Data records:
----

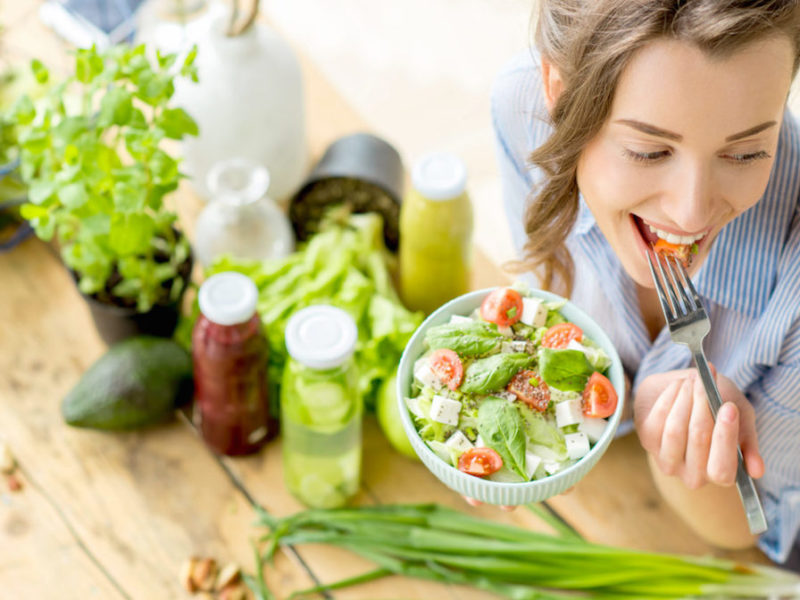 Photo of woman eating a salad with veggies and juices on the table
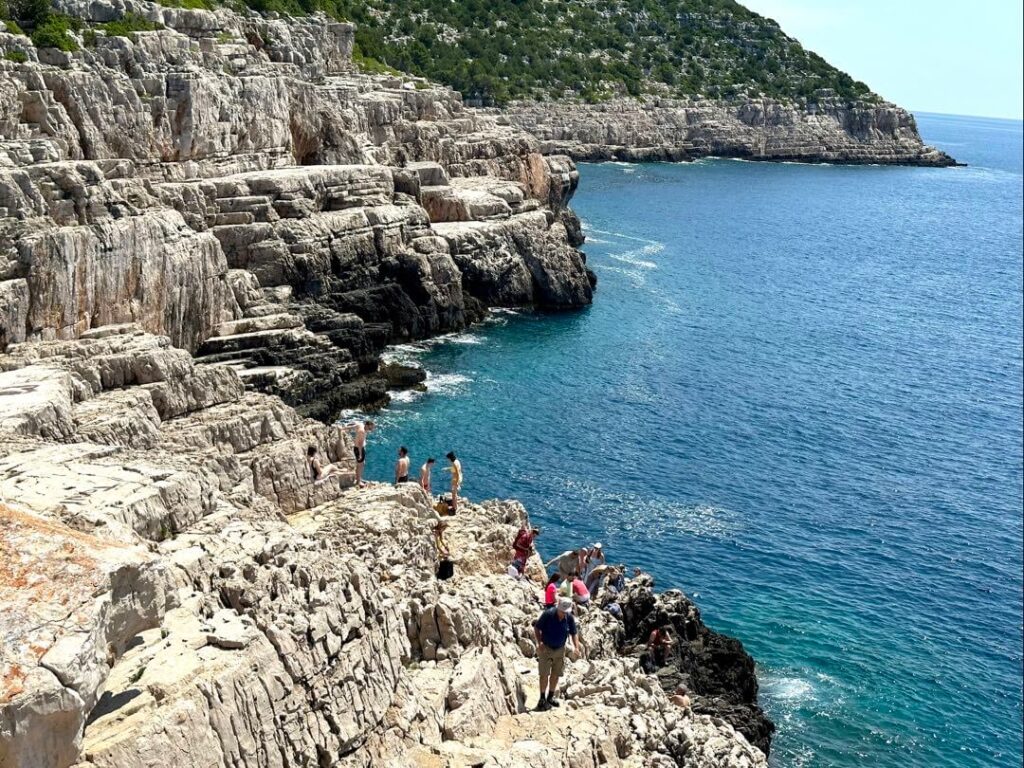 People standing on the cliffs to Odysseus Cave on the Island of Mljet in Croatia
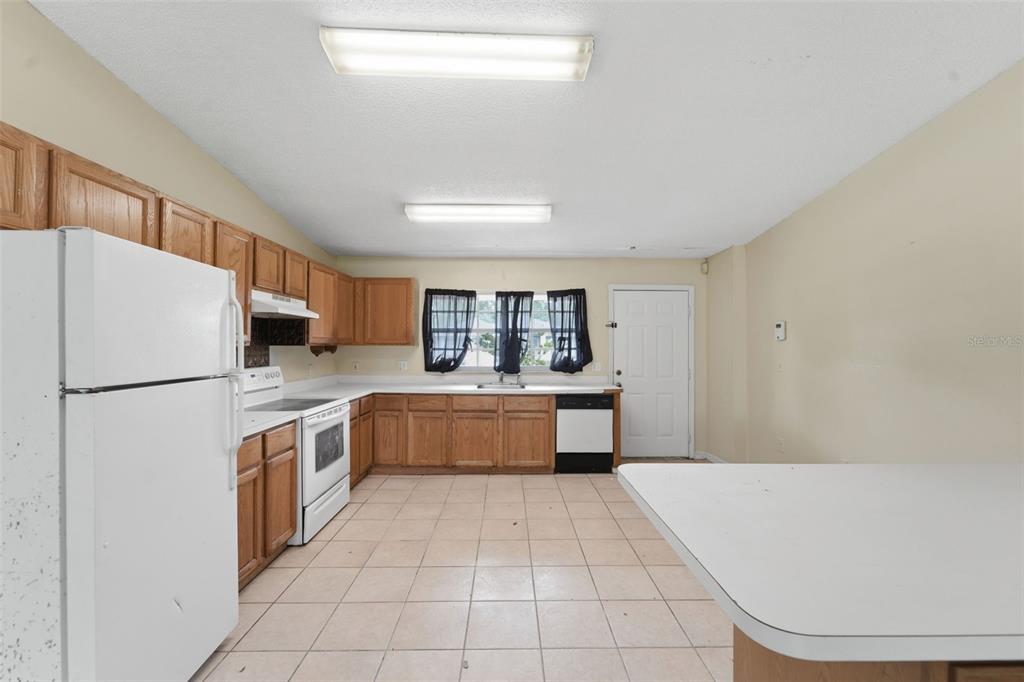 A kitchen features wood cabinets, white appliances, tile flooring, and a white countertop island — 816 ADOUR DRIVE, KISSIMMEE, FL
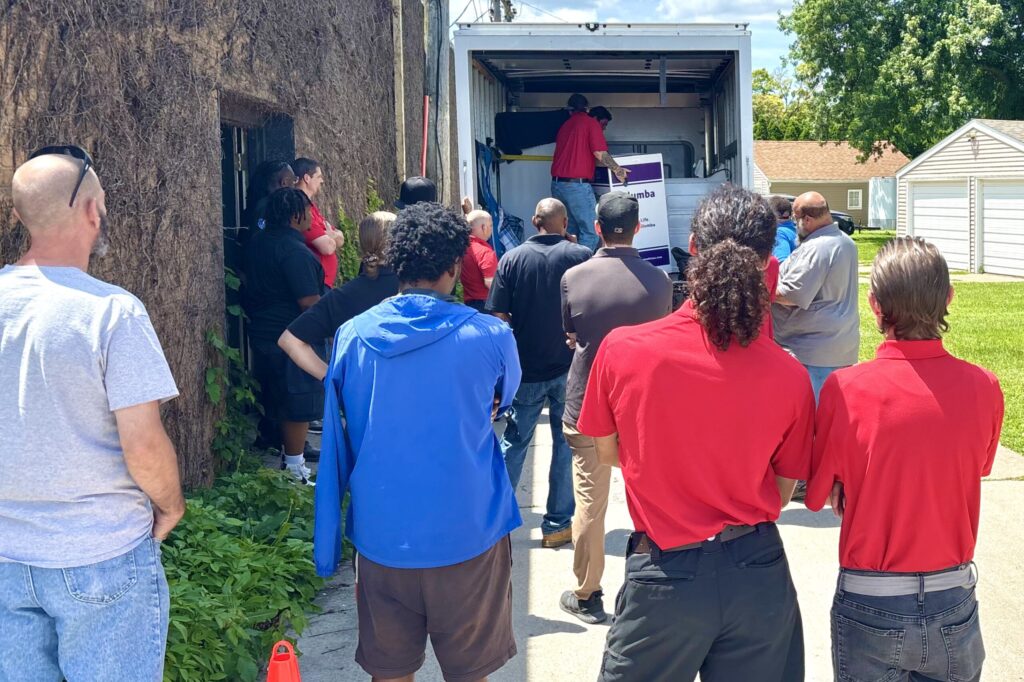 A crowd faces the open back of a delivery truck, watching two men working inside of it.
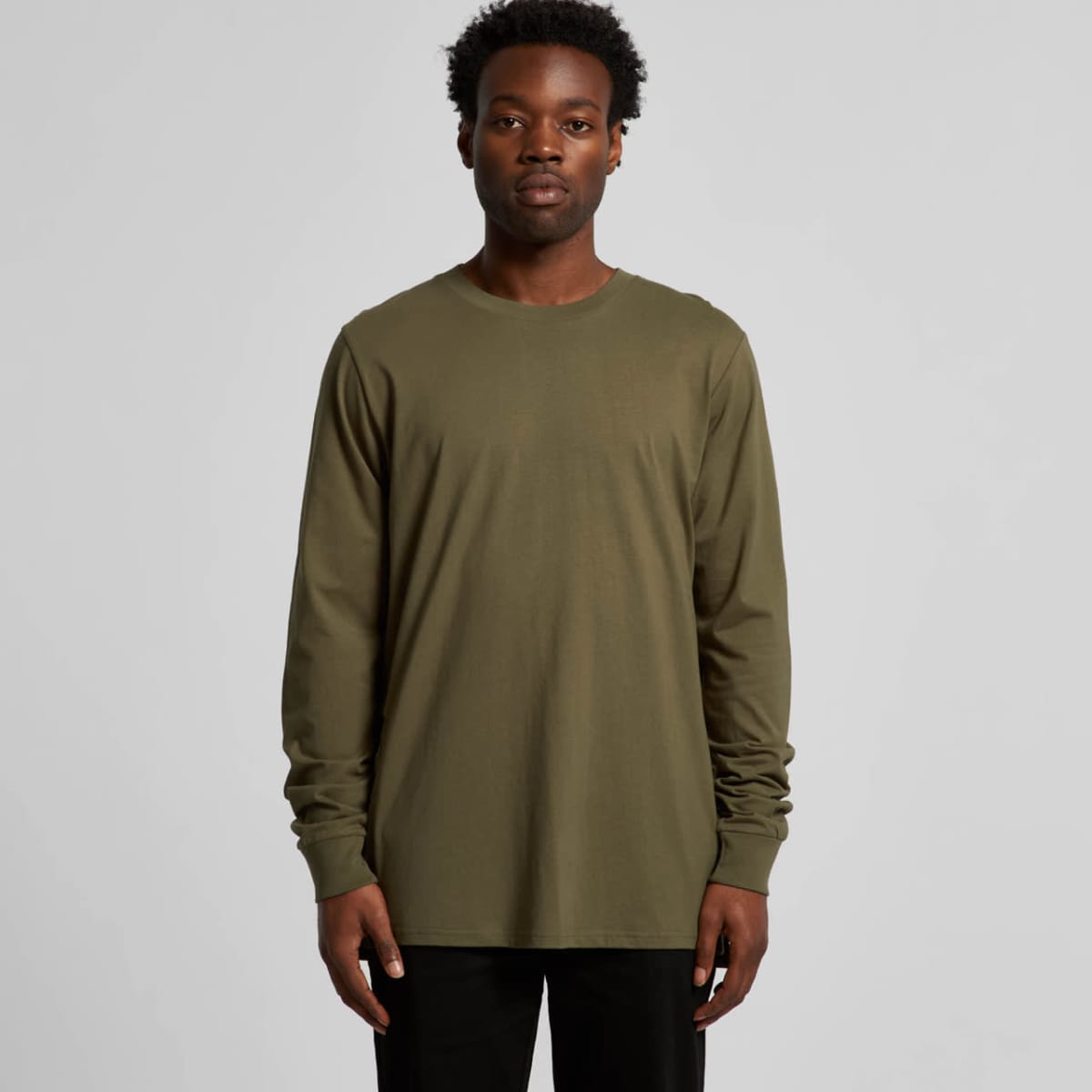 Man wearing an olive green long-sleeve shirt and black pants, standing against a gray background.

----

• **WHAT YOU ARE ASKED TO DO**:
Transcribe all entries above exactly. Drop the pictures.

• **RESPONSE FOR THIS EXERCISE**:
 Photo of woman eating a salad with veggies and juices on the table
 People standing on the cliffs to Odysseus Cave on the Island of Mljet in Croatia
 A kitchen features wood cabinets, white appliances, tile flooring, and a white countertop island — 816 ADOUR DRIVE, KISSIMMEE, FL
 A crowd faces the open back of a delivery truck, watching two men working inside of it.
 Man wearing an olive green long-sleeve shirt and black pants, standing against a gray background.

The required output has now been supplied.